Festival Theatre, Edinburgh

Five stars

Mary Brennan

XENOS: translatable (from the Greek) as “stranger” or “foreigner”. Echoes of those meanings are in every phase of Akram Khan’s intensely felt - and painfully affecting – solo depicting an Indian Sepoy, fighting for Britain in the First World War. Not only is this man - a Kathak dancer, used to performing for the nobility – a stranger in a strange land where death is exploding all around, he is increasingly a stranger to his former life and to himself. What he – and 1000s of Sepoys like him – lost to war, Khan's XENOS unerringly asserts, needs remembering and honouring in this 1918 centenary year.

Khan’s collaborators – Michael Hulls (lighting), Vicenzo Lamagna (composer/sound design), Mirella Weingarten (set design) are to the fore, here – have conjured him a brutalising battlefield where all that is familiar goes “over the top” of a steep escarpment, the singing voices keen like the wailing of shells and a blood-red gloom shrouds a long, dark night of the soul.

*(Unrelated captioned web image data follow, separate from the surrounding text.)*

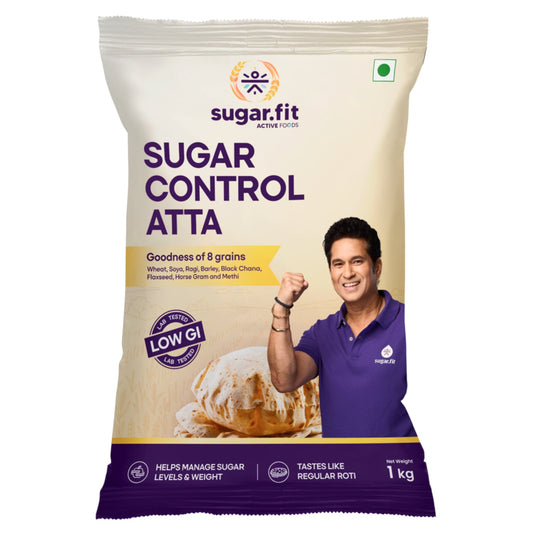 Sugar.fit Sugar Control Atta, 8-in-1 Multigrain Atta Sharbati Wheat, Soybean, Black Gram, Ragi, Barley, Fenugreek, Flax Seeds and Horse Gram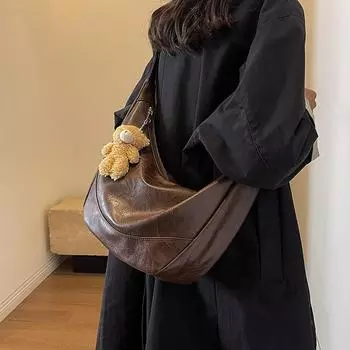 Сумка женская сумка через плечо 2024 года, новинка, осень и зима, большая вместимость, универсальная, нишевая, премиум-сумка в стиле ретро через плечо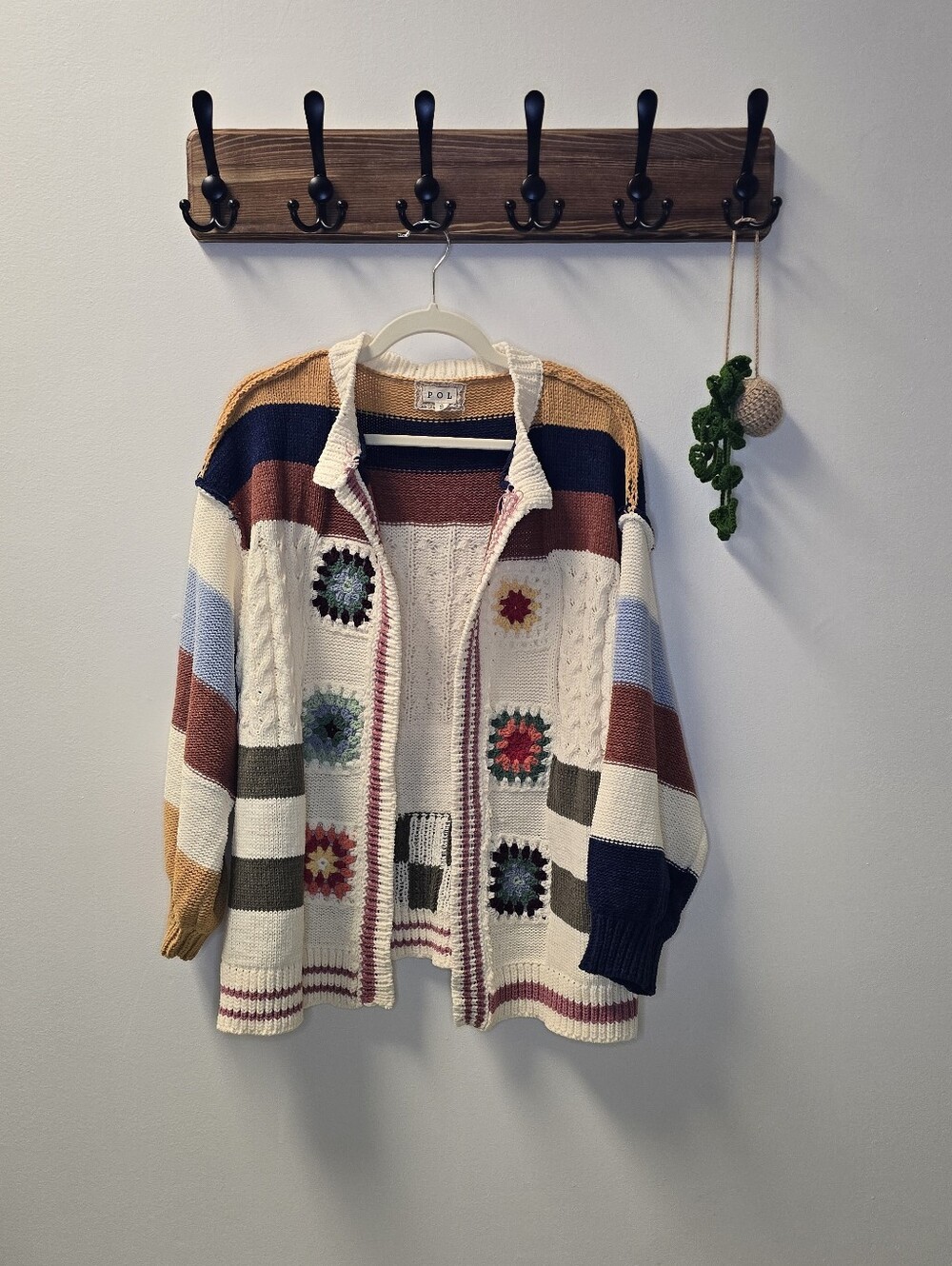 POL Cream Granny Square Chenille Patchwork Open Front Cardigan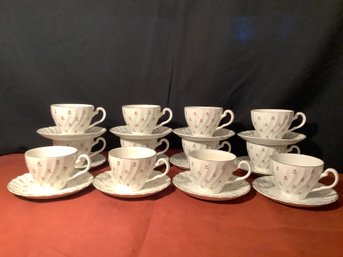 Pattern: Thistle Made In England Tea Cups & Saucers For 10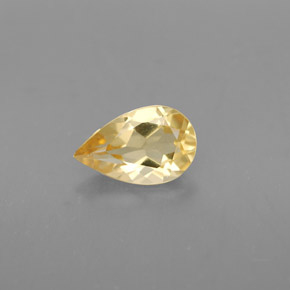0.73캐럿 천연 골든 옐로우 시트린, 배 모양, 8×5.1 mm, VVS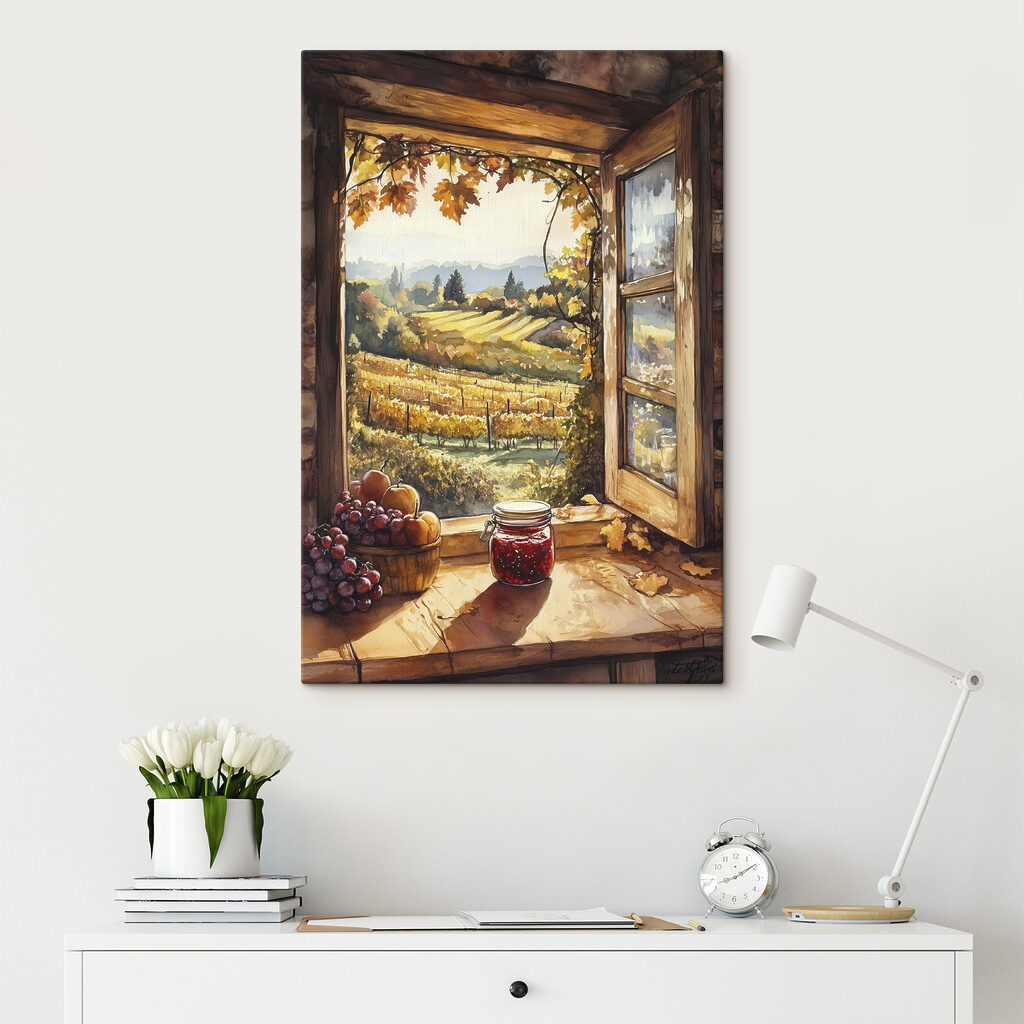 Ventana otoñal sobre viñedo — interior 2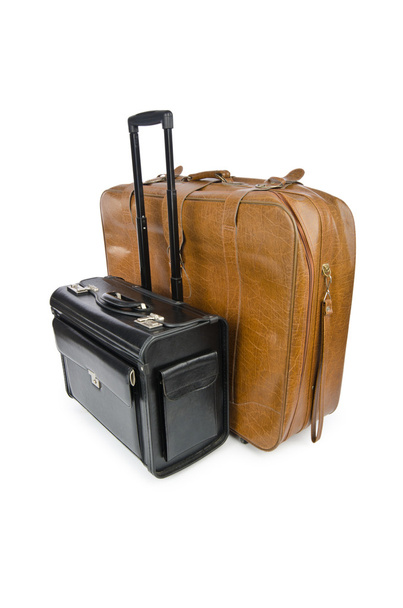 Travel concept with suitcase on white - Φωτογραφία, εικόνα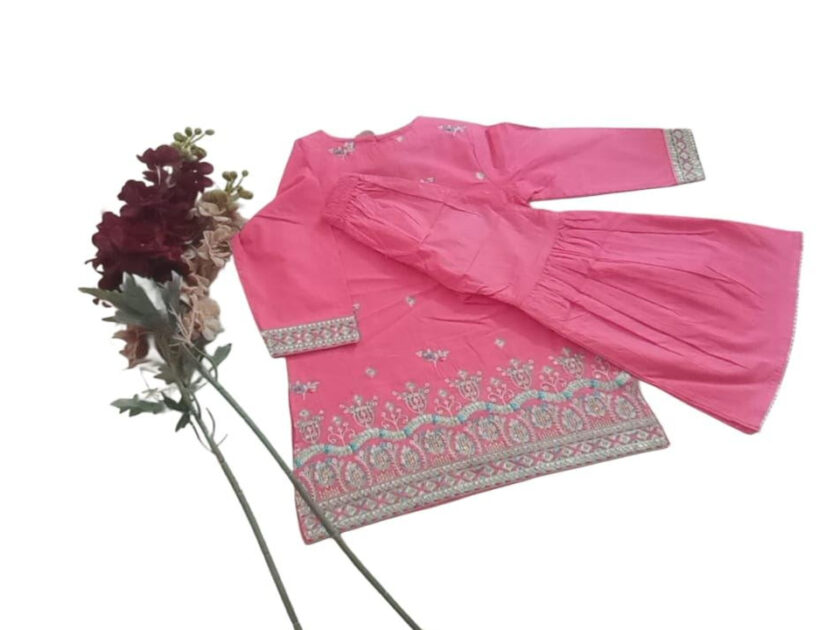 Embroidered Shalwar Kameez with Gharara-style Trousers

We’ve already seen Khan, in an opening flashback, revisiting his past. Inhabiting his heartland realm of Kathak, dancing in physical and spiritual accord to the live music of Aditya Prakash (vocals) and BC Manjunath (percussion, konnakol). Towards the end, despite the ravages of war on his entire being, Khan’s character is still doing his duty, laying telephone cables. Perched atop the hill, he literally shoulders his responsibilities: he even winds hawsers over his eyes, and as the strains of Indian music float through the ether, his hands move in delicate dance-y gestures – as if searching the hostile air for the self he once was.

There are so many haunting, harrowing images in XENOS: the “colonial” voice heard through the ancient gramophone, the references to Prometheus – who also made sacrifices for mankind - but this somehow encapsulates what we all lose when art is imperilled. XENOS, Khan’s last ever solo, is a gift to hold dear.